CHEETAH’s NEATER METER

Cheetah Marketing, flushed with the success of the Spec-Drum (look for the competition in TECH NICHE this issue) had little to demo for the Spectrum when we visited them at the CES Show. Sadly, their sound sampler and MIDI interface for the Spectrum were not ready in time to appear on their stand. Our very own musical Maestro, Jon Bates has joined the queue for review units and we should be bringing more details of both the MIDI interface and the sound sampler, priced at £49.95 and £44.95 respectively, very soon.

STAR HITS CES SHOW

The only STAR attraction at the Consumer Electronics Show was arranged by Mirrorsoft who invited the real Biggles to their stand to take a look at how work was progressing on the game of the film. Well, not the REAL Biggles, he didn’t exist silly. Neil Dickson, star of the film which, as they say, ‘should be at a cinema near you’ right now.

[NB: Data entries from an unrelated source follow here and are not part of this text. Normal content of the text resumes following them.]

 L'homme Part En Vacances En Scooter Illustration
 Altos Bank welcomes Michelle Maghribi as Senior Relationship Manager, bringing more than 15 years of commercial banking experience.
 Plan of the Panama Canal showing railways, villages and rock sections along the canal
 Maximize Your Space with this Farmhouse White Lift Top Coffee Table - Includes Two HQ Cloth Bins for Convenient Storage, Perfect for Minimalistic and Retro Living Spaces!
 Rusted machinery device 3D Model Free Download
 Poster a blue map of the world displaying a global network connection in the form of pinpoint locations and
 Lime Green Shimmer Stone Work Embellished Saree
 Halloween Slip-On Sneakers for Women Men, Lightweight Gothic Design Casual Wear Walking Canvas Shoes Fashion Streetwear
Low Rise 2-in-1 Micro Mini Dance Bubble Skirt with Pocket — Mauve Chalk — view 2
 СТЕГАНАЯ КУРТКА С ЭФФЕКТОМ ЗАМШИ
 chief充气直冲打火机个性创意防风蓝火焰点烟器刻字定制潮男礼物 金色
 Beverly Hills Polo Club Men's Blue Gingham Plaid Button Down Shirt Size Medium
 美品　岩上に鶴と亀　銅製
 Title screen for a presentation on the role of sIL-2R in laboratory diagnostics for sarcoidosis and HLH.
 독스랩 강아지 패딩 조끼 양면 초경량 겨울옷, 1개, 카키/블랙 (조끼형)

A few more words about Biggles the computer game appear in the Preview section this issue and we hope to bring you a full review next month.

Neil Dickson

Neil Dickson, superstar extraordinaire tries his hand at the Amstrad version of BIGGLES the computer game at Mirrorsoft’s CES stand while the ever youthful Greg Ingham, editor of trade paper CTW looks at the cameraman.